= Francisco Taranco y Llano =

Spanish military commander

Francisco Taranco y Llano (date of birth unknown – January or March 1808) was a Spanish military officer and Captain-General of Galicia.

==Biography==
After serving in the Americas, including, in 1769, as a cadet under Alejandro O'Reilly, the second Spanish governor of colonial Louisiana, Taranco returned to peninsular Spain in 1783 and was given the command of the Regiment of Soria, with which he later served under the orders of General Ricardos in the War of the Pyrenees. He saw further military actions against French Imperial troops in Catalonia.

Following his participation in the War of the Oranges, in which French and Spanish forces invaded Portugal, Taranco was appointed Captain-General of Galicia (around 1802).

He was promoted, in October 1802, to lieutenant general in the same promotion as other notable Spanish military commanders of the Spanish armies during the Peninsular War, including the Duke of the Infantado, Manuel Lapeña, Juan Carrafa, Francisco Castaños, Juan Pignatelli, Francisco Eguía, and Arturo O'Neill.

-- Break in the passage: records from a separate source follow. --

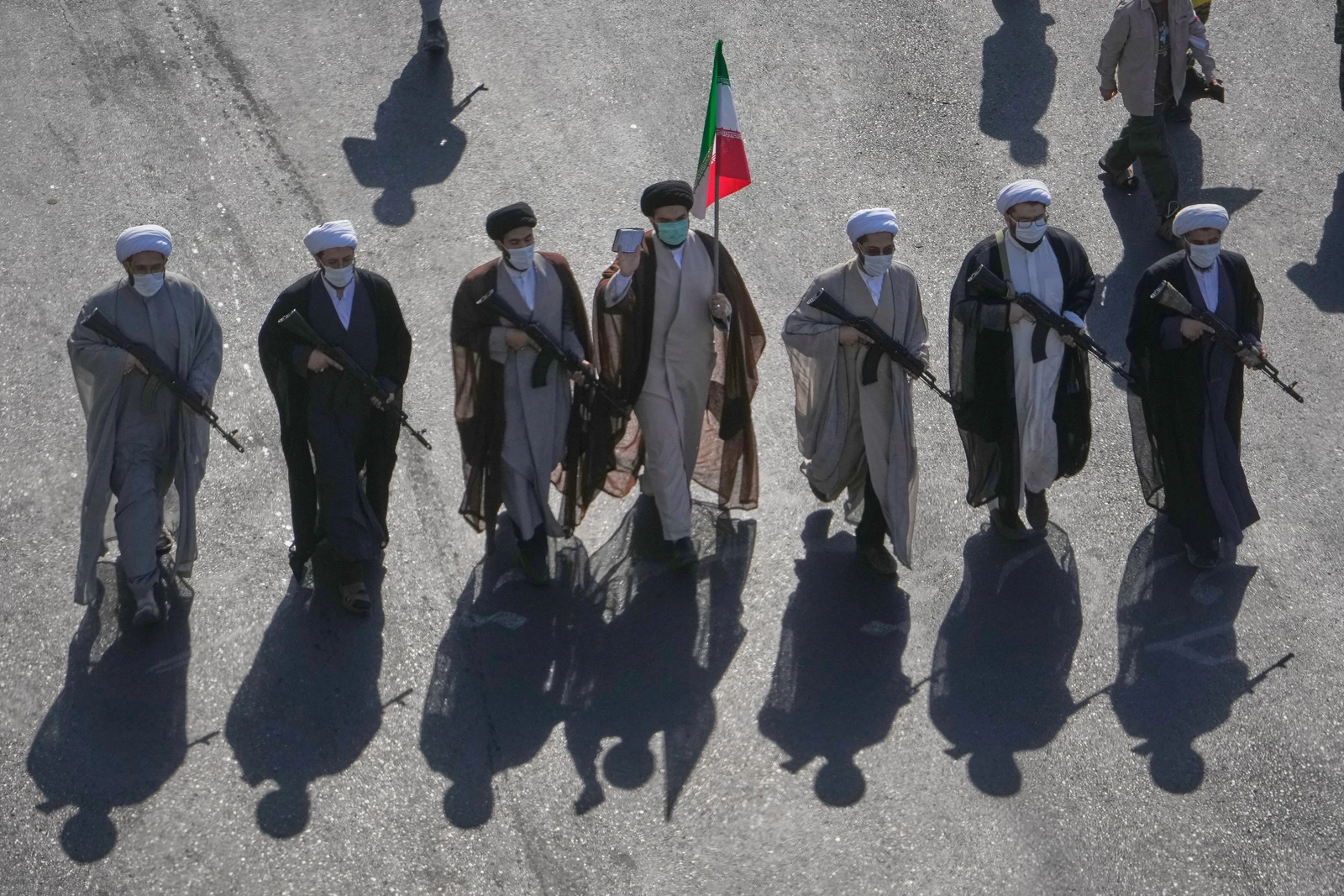 Shiite clerics carrying rifles march during the state-organized "Sacrifice for Iran," military-style parade at Revolution Square in Tehran on Friday. (AP)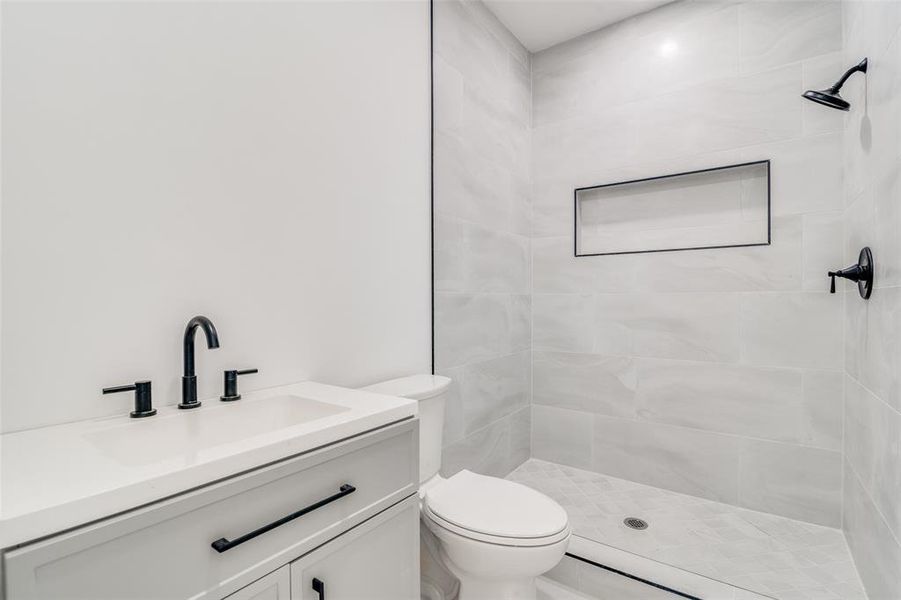 Bathroom with a tile shower, vanity, and toilet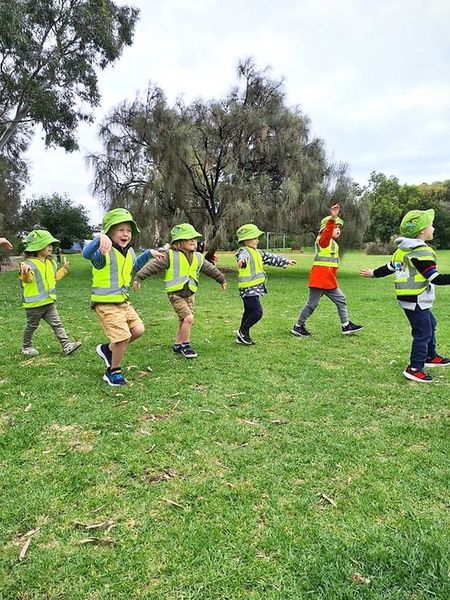 a group of children wearing hard hats and safety vests are playing in a park .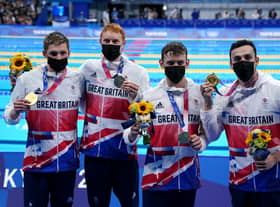 Great Britain's Duncan Scott, Tom Dean, Matthew Richards and James Guy celebrate gold in the Men's 4x200 freestyle relay (PA)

With the signing of the Treaty of Fontainebleau (October 1807), under the terms of which France and Spain would divide Portugal into three regions, Taranco was sent to assist the French General Junot by invading the province of Entre-Douro-e-Minho and establishing his headquarters at Porto. According to treaty, Taranco would lead a force of some ten thousand Spanish troops. However, the order of battle of Junot's Army of Portugal for November 1807, referred to Taranco's infantry division as being made up of some 6,500 men and 12 cannon. (Note: Spanish military historian José Gómez de Arteche, in his Guerra de la Independencia: historia militar de España de 1808 a 1814 (1868), initially puts it at 25 cannon but later at 12 pieces.)

Entering Portugal from Galicia, on 10 December 1807, Taranco crossed the Minho to occupy the territory between the Minho and the Duero and, after leaving a battalion to garrison the fortress at Viana do Castelo, reached Porto on 13 December 1807, and where he died the following January or March. His command in Portugal was given to General Domingo Ballesta and his Captaincy-General in Galicia was given to Francisco de Biedma y Zayas.